Many outside the VR bubble recall VR games as tech demos, and there was a concern that Assassin’s Creed Nexus VR might follow suit, fading into obscurity as a short and unpolished demo experience. However, the developers, who appear genuinely proud of their work, describe the game as the full proper Assassin’s Creed game. It’s not a short VR experience that lasts just a few hours.
This is not just a VR Tech Demo
Several key gameplay mechanics are integral to any Assassin’s Creed game, and the VR version sticks to this tradition. Parkour is, of course, one of these fundamental mechanics, and in Assassin’s Creed Nexus VR, the developers have dedicated considerable effort to its implementation. “Running across the rooftops in large, open urban areas is something that really is so fundamental to the brand, that I didn’t feel like we could compromise on it.” – Says David Votypka, the Creative Director of Assassin’s Creed Nexus VR in Ubisoft’s newest video.
“From Venice to Greece, to Boston, and even new areas like Newport for Connor, they’re all what we call open map environments.“, Votypka continues. “The player can traverse on the ground, scale the walls, climb the rooftops…” While the game appears to offer an open-world experience, as described in Henry Stockdale’s hands-on experience, “You can’t explore the entirety of Venice in a single mission, certain areas are restricted but there’s still considerable freedom.“, this might suggest that the entire map won’t be fully open to players, but it could be due to the specific mission chosen for Henry’s demo.
Votypka discussed various VR parkour techniques present in the game, including basic actions like pulling yourself up while climbing or jumping, as well as the more iconic Assassin’s Creed moves such as flinging, which enables you to propel yourself in different directions, including upward, sideways, or even backward. There’s also the ability to swing from bars to reach the opposite side of a rooftop.
Stealth is another key gameplay element of Assassin’s Creed that the VR version couldn’t overlook. “It is a stealth-first game.” Says Votypka, “We’ve even built in things like cracks and holes in the walls, where you can kind of peek through.” Additionally, players will have the ability to interact with objects in the environment, such as picking up a vase and using it to distract enemies.
What about Combat?
Votypka regards the hidden blade as the “most important feature in the game.” He goes on to say, “Everybody who tried it… It was always their favorite thing in the game.” This sentiment is echoed by early reviewers, including the previously mentioned Henry, who noted that “nothing beats stealth assassinations with the hidden blade.”
Players will also have access to various weapons, including swords, tomahawks, throwing knives, bows, and one-handed crossbows, depending on the character they choose to play. The game offers three different characters, each with their unique story, set in different cities and time periods.
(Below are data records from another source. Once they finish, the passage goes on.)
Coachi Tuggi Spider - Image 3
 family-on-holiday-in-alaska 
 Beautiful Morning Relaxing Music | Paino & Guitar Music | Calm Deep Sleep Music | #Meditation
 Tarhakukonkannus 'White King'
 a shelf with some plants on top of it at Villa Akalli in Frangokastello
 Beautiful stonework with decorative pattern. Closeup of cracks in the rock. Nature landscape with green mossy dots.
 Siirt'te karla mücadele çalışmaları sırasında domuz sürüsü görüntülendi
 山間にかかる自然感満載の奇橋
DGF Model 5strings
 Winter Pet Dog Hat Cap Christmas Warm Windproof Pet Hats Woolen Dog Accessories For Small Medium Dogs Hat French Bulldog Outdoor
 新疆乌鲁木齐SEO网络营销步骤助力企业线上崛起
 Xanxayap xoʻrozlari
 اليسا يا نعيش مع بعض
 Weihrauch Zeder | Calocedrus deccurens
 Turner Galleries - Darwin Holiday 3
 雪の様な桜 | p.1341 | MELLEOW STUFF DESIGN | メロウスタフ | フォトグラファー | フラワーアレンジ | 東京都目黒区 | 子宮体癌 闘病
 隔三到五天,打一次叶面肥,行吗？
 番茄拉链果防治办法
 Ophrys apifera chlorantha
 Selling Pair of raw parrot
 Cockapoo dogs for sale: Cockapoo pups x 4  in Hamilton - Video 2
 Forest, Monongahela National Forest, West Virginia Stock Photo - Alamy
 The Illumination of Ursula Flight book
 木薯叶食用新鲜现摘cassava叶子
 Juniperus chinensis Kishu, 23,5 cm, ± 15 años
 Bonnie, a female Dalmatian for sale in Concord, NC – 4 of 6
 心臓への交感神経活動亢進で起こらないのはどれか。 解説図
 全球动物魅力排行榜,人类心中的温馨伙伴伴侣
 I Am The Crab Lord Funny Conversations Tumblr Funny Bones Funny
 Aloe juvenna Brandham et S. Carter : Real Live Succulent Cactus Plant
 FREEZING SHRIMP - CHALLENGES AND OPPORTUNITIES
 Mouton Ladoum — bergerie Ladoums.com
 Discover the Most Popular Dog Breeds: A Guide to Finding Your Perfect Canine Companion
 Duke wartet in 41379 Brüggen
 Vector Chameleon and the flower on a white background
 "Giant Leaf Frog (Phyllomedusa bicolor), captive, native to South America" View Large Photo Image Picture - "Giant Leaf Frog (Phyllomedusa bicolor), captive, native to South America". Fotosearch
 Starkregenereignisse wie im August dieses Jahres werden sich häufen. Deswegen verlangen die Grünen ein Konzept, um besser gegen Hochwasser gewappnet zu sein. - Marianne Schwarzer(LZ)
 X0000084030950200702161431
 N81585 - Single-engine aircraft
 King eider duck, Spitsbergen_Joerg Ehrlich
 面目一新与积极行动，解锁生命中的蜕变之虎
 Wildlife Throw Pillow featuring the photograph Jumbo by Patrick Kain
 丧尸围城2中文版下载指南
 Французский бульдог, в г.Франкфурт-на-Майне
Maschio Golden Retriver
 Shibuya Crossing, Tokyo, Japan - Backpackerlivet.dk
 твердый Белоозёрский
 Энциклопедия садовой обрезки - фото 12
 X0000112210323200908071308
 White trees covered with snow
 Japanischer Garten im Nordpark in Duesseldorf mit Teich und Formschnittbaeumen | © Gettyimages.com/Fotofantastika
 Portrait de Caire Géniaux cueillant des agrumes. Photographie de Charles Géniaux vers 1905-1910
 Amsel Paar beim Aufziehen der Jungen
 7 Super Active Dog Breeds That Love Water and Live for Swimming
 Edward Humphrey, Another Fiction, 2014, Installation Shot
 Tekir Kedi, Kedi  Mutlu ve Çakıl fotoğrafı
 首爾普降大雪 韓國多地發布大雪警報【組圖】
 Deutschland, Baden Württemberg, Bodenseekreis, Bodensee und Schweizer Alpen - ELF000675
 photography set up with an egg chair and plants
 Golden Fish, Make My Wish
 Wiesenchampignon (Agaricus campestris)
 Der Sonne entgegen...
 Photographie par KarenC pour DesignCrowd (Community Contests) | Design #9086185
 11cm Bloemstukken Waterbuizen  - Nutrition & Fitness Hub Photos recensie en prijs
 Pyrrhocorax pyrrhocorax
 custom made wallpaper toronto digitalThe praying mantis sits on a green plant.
In their hands-on review of Assassin’s Creed Nexus VR, IGN described the combat as the game’s weakest aspect, yet one that still functions effectively. The review noted, “That’s due to the fact that enemies take turns attacking you one at a time, slowly swinging their weapons in the same easily-blocked patterns, before getting tired and opening themselves up to a right shaking.”
Comfort Issues seem solved!
As you may know, many people suffer from Motion Sickness in VR games, which appears mostly when the user is moving in the game and staying still in real life, making the brain confused about what is happening. In Assassin’s Creed Nexus VR where players, apart from just moving, need to do advanced parkour movements, solving comfort issues is essential.
Assassin’s Creed Nexus VR appears to effectively address these issues. Olivier Palmieri, the Associate Game Director, mentioned that mitigating motion sickness was a “priority from the start“, and developers have made significant progress on making several comfort options for users. These include features such as a vignette during movement, a teleportation locomotion system, and notably, an automatic parkour system that enables players to perform parkour by simply looking at their desired destination without the need for button presses.
The iconic Assassin’s Creed feature, the Leap of Faith, is also included in Assassin’s Creed Nexus VR. However, jumping from great heights into a pile of hay could not be comfortable for some players, to put it mildly. To address this, the developers introduced a “fear of heights” feature. This feature activates a grid, displaying your real-world surroundings and the ground beneath you, helping to relieve the sensation of nausea.
Release Date of Assassin’s Creed Nexus VR
Assassin’s Creed Nexus VR is scheduled for release on November 16, exclusively on Meta Quest platforms, priced at $39.99. The game will be available on Meta Quest 2, Pro, and Quest 3 headsets.